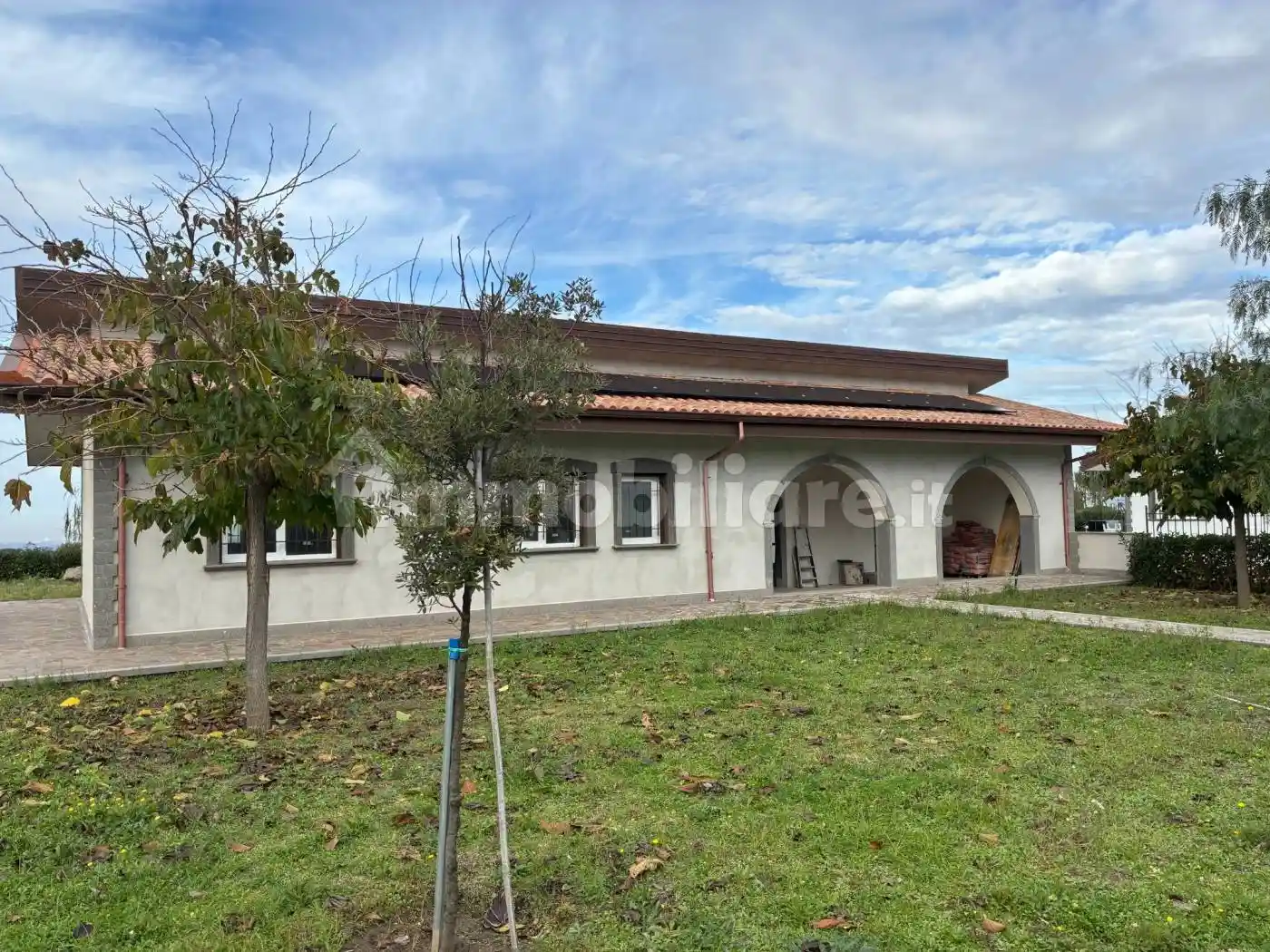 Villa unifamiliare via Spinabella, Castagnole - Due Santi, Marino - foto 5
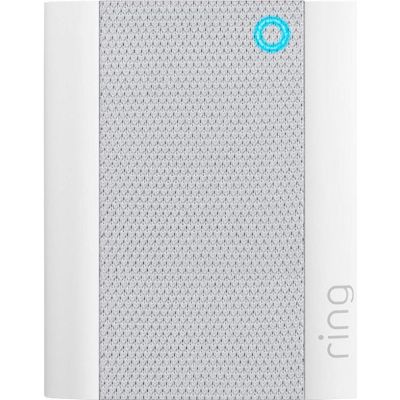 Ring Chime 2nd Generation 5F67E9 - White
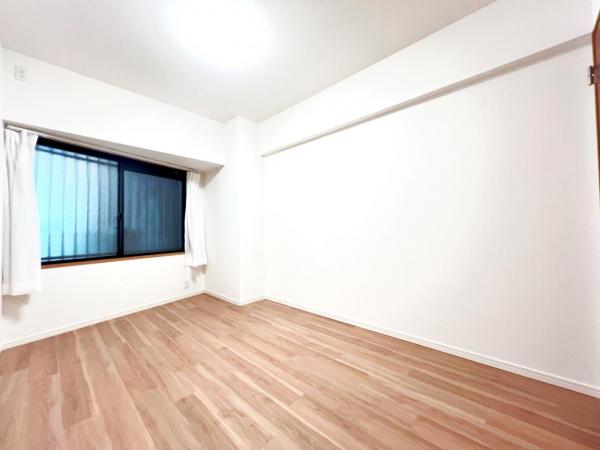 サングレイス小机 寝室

▶ [TASK TO COMPLETE]:
Please repeat the lines that run from the one holding "Ring Chime 2nd Generation 5F67E9 - White" to the last line of the material, both included, exactly and without pictures.

▶ [WRITTEN REPLY]:
 Ring Chime 2nd Generation 5F67E9 - White
 サングレイス小机 寝室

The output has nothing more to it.